Pricey Zip Codes

As a California native, your "New York" editor appreciates
Southern California’s unique appeal.  But he also
appreciates southern Brazil’s unique appeal. He wonders,
therefore, whether the price of Brazilian beachfront
property might be too low relative to Californian
beachfront property.

More broadly, he wonders whether selective emerging market
real estate, as an asset class, is too cheap relative to
real estate here in the "developed world."

In an age of ubiquitous Internet access and limitless
cross-border investment flows, the sizeable price
differentials between "comparable" Californian and
Brazilian properties seem a bit anachronistic. Perhaps, the
California-Brazil price premium will begin to narrow. It’s
just a thought, but we are drawn to it like an alcoholic to
a midday martini.

6,100 miles to the southeast of Orange County, California,
you will find no drive-through Starbucks, but you will find
superb double espressos – served in a porcelain demitasse,
rather than a paper cup – that cost only about 40 cents.
And you will also find gorgeous tropical beaches bathed in
crystal-blue water, as well as succulent mangos and
papayas, delicious seafood…and a smattering of beautiful
women…if you’re into that sort of thing.

As an added bonus, the beachfront properties in this
tropical paradise do not usually carry multi-million-
dollar, Orange-County-style price tags.

But there are couple of drawbacks; the place is a 9-hour
plane ride from New York City and the locals speak
Portuguese, rather than English.

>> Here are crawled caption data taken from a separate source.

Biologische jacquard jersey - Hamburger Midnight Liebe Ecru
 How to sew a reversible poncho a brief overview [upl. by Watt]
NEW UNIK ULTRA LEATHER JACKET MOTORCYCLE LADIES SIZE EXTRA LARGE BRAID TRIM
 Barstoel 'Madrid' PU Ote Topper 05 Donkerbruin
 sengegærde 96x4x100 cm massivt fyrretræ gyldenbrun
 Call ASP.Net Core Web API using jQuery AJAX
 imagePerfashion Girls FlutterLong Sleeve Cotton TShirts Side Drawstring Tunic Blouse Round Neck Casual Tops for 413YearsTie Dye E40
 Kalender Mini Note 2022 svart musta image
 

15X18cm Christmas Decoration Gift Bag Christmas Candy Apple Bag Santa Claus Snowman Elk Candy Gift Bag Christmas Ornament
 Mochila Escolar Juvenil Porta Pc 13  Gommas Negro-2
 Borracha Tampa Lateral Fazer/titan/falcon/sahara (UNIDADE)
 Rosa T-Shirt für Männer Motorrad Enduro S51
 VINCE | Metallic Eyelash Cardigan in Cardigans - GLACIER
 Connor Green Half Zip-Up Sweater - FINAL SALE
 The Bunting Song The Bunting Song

Even so, we’d rather
invest in Brazilian beachfront property than Orange County
beachfront property.

Your editor loves the "O.C." – he spent much of his youth
frolicking on the county’s beaches.  But he remembers when
the $4 million homes of Laguna Beach were only $40,000
homes. And much more recently, he remembers when the $4
million homes were only $400,000.

We would not quarrel with the notion that the $4 million
homes of Laguna Beach are worth every penny, but we do
wonder how many more pennies they will be worth over the
next ten years. Even in a nation of very expensive real
estate, Orange County real estate seems conspicuously
pricey. Newport Beach, for example, ranks #4 on the Forbes
Magazine list of America’s 25 most expensive zip codes. Two
other Orange County zip codes also made the cut. "The list
is testament to the costs of living in California," Forbes
relates, "with half of our top ten ZIPs in that state, and
nearly two-thirds of our top 25."

Maybe, just maybe, California’s cache is not worth quite as
much cash as folks are paying – at least not when
considered in the context of competing global real estate
investments.

A recent issue of "Homes & Land – South & Coastal Orange
County," touts a "beautiful, 4-bedroom, 3.5 bath,
oceanfront home" in Laguna Beach for $7.25 million. A few
miles to the south, a tiny 50-year old oceanfront home in
South Laguna recently changed hands for more then $4
million.

Meanwhile, a Brazilian real estate agent offers a 4-bedroom
"Lindíssima casa" (gorgeous house) situated directly on the
beach of Camburi – one the many beautiful beaches of the
"littoral of São Paulo" – for $380,000.

Is the $4 million Laguna Beach property really worth more
than 10 times the Camburi property? The answer is both yes
and no. Yes, in the sense that the market has "spoken" and
it has said that Orange County’s beachfront properties are
worth exactly what the last buyer paid. No in the sense
that the market might change its mind at any moment…or at
least revise its opinion somewhat.

Therefore, since prices sometimes change, which real estate
offer the superior investment opportunity? That which lies
along the coastline of Orange County or that which lies
along the littoral of São Paulo?

The answer to the question must include both qualitative
and quantitative considerations. Profit potential is not
the end-all, be-all…but it doesn’t hurt. For example,
some buyers of foreign property might desire an occasional
Big Mac, or an occasional visit to an American physician or
an occasional conversation in their native tongue. Such
perks are much more readily available in Orange County than
in Brazil.

Furthermore, the Brazilian coastline, for all of its
splendor, lies well beyond of the U.S. border – far from
the terrific American public school system, far from the
protection of the U.S. military and far from all of the
other American regulatory authorities that work so
tirelessly to ensure our life, liberty and pursuit of
happiness. Clearly, one does not forego – without careful
consideration – the many protections conferred by the FBI,
CIA, EPA, DEA, FDA, USDA and Alan Greenspan’s Federal
Reserve.

But despite these shortcomings, we suspect the $300,000
beachfront homes of Brazil will become $1 million homes
well before Newport’s $3 million homes become $10 million
homes.

Brazil, of course does not offer the only beachfront
competition to the U.S. property markets.  Your editor’s
employer also operates a gorgeous beachfront development in
Nicaragua, complete with English-speaking property managers
and Internet access, along with many other desirable
amenities and creature comforts.

Our sister publication, International Living, [Ed. Note:
Live like royalty on $17 a day… http://www.agora-
inc.com/reports/IL/WILVF330] spills a lot of ink every
month, highlighting attractively priced real estate in
various foreign locales.

If emerging market properties represent a true value,
rather than a theoretical value, and if they are the verge
of a lengthy bull market, a world of opportunity –
literally – unfolds before us. The anxious American
homeowner need not, for example, sell his home and rent an
apartment while waiting real estate Armageddon. He may,
instead, sell his home HERE and buy a property THERE.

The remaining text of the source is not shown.